- Release poster
- Directed by: Praveen Varma
- Written by: Praveen Varma
- Produced by: Sudheer Varma
- Starring: Naveen Chandra; Chandini Chowdary; Ajay; Praveen; Rakendu Mouli;
- Cinematography: Divakar Mani
- Edited by: M. S. Rajashekhar Reddy (S. R. Shekhar)
- Music by: Sunny M. R.
- Production company: SAS Pictures
- Distributed by: Aha
- Release date: 22 January 2021;
- Running time: 83 minutes
- Country: India
- Language: Telugu

= Super Over (film) =

2021 film directed by Praveen Varma

Super Over is a 2021 Indian Telugu-language crime thriller film written and directed by Praveen Varma. It is produced by Sudheer Varma through SAS Pictures production company. The film stars Naveen Chandra, Chandini Chowdary, Ajay, Praveen, and Rakendu Mouli. Music of the film was composed by Sunny M.R. Super Over premiered on 22 January 2021 on Aha.

== Plot ==
Kaasi (Naveen Chandra), Madhu (Chandini Chowdary) and Vasu (Rakendu Mouli) are childhood friends. Kaasi plans to go abroad but is cheated by travel consultant. The debt for his abroad plans, for which he put his house as collateral, have to be repaid. To earn money, Kaasi starts bets on cricket matches and he wins ₹1.7 crores. The following drama revolves around whether he collects his winnings and the consequences faced with his two friends.

== Production ==
Principal photography of the film began in late 2019 but was delayed due to COVID-19 pandemic.

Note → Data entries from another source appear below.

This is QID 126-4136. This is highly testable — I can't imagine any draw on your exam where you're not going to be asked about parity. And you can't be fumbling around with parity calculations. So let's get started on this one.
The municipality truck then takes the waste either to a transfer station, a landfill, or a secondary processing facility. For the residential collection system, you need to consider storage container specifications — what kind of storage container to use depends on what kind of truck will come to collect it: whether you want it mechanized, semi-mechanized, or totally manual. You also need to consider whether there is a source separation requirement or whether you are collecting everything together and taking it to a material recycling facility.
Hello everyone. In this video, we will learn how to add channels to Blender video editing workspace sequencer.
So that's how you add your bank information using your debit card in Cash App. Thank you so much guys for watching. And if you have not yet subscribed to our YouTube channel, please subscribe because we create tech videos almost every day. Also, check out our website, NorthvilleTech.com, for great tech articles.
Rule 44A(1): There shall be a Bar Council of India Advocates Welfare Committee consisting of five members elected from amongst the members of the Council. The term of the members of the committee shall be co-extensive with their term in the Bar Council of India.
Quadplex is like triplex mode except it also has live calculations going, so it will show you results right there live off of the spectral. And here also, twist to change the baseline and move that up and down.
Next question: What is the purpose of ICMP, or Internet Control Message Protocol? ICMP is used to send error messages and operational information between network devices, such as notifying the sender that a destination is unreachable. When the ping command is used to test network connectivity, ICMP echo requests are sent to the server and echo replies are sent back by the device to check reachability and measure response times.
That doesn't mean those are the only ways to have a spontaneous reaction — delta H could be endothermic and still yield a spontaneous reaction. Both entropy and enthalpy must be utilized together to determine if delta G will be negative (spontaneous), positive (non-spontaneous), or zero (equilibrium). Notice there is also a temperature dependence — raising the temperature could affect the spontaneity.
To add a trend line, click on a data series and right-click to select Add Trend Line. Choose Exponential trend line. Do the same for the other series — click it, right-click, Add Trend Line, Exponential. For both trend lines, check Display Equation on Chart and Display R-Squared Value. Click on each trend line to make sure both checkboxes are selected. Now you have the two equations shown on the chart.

Director Praveen Varma died in a road accident in October 2020, after which producer Sudheer Varma managed the post-production.

== Reception ==
Sangeetha Devi writing for The Hindu stated: "Super Over doesn’t tap its potential of being an edge-of-the-seat thriller but is a reasonably packaged thriller." Sakshi critic Rentala Jayadeva appreciated the screenplay and direction for its novelty, in addition to the performances. Bhavenesh Chander of The New Indian Express felt that the narration tended to slow down as the film progressed. Reviewing the climax, Chander wrote, "Super overs are meant to yield a final result. However, Super Over ends with a cliff-hanger. The penultimate ball is also not fulfilling."

Film Companion's Vishal Menon opined, "Look past a long initial stretch of amateur writing and you get a nighttime thriller that’s surprisingly engaging."